Frequently Asked Questions
How do I find who owns a property held by an LLC?
Start at the Secretary of State in the state where the LLC was formed and search its name for the registered agent and any listed managers, then use county deeds and litigation records to connect the entity to an individual.
Who is the real owner if a trust holds the property?
Trusts are not filed with the state, but the deed that transferred the property into the trust usually names the trustee, who controls it. The trustee is your lead; the full trust document itself is private.
Is the registered agent the owner of the LLC?
Usually not. The registered agent is the official contact for legal notices and is often a service company or attorney. Treat the agent as a lead toward the owner, not as the owner.
Can I look up LLC owners in a federal database?
No. The Corporate Transparency Act’s FinCEN database is not public, and a 2025 rule exempted U.S.-formed entities from reporting.
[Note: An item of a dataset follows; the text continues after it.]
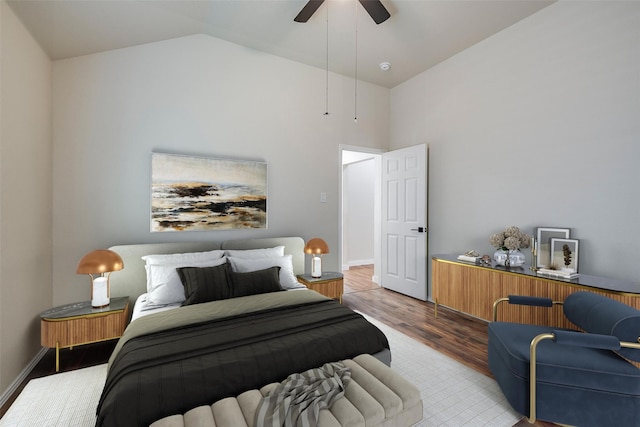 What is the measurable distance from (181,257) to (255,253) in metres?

There is no public federal registry of LLC owners to search.
Why are some LLC owners impossible to find in public records?
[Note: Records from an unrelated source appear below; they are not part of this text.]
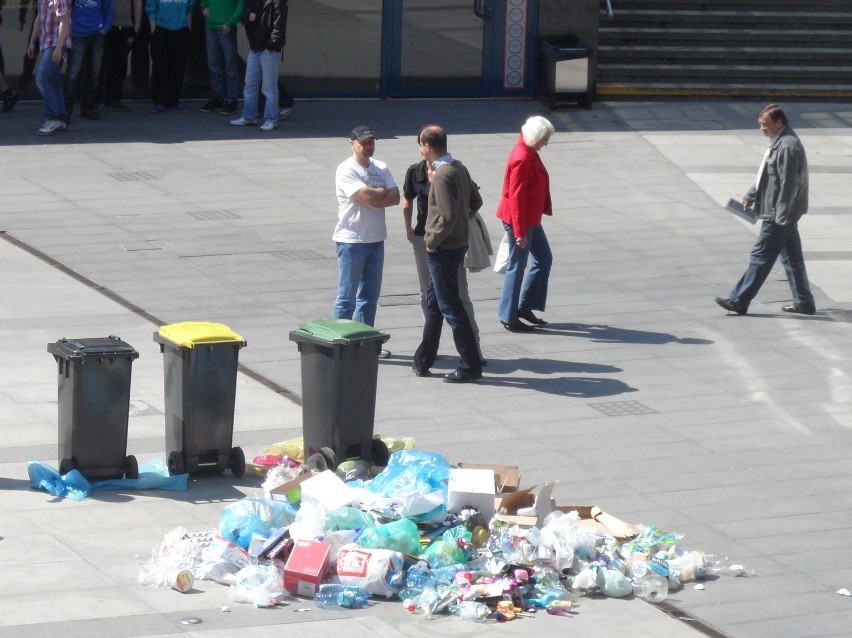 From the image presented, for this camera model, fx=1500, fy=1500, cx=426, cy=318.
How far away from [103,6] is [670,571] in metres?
13.4

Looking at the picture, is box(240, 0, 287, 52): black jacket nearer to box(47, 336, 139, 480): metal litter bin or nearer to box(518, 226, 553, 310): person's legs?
box(518, 226, 553, 310): person's legs

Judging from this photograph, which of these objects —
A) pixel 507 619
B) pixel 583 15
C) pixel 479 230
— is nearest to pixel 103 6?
pixel 583 15

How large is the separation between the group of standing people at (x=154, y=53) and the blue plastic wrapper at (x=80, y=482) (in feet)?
33.8

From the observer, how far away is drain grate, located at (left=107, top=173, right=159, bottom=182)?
16547 mm

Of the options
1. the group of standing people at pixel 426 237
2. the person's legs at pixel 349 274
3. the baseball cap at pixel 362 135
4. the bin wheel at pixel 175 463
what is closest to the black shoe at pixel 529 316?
the group of standing people at pixel 426 237

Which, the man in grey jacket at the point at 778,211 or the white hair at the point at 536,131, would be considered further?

States like Delaware, Wyoming, Nevada, and New Mexico let LLCs omit member names, and owners use nominees and layered entities. Public records may stop short, which is where skip tracing and cross-referencing help.
Do property deeds ever name the person behind an LLC?
Sometimes. While the deed lists the LLC as owner, the mortgage or transfer paperwork can name the individual who signed on its behalf, and a grantor-grantee search shows every property the entity has handled.
Is it legal to find out who is behind an entity?
Yes, using lawful public records and licensed databases for legitimate purposes such as a purchase offer, service of process, judgment enforcement, code enforcement, or due diligence. It must not be used for harassment.
How fast can you identify the person behind an entity?
With the entity name and property, an owner-identification search typically comes back within 24 hours, connecting the LLC or trust to the individual who controls it.
Find the Person Behind the Entity
Give us the property and the LLC or trust name, and we will connect it to the individual who controls it — through lawful public records and licensed databases, typically within 24 hours — so you can make your offer, serve your papers, or enforce your judgment. Contact us to start.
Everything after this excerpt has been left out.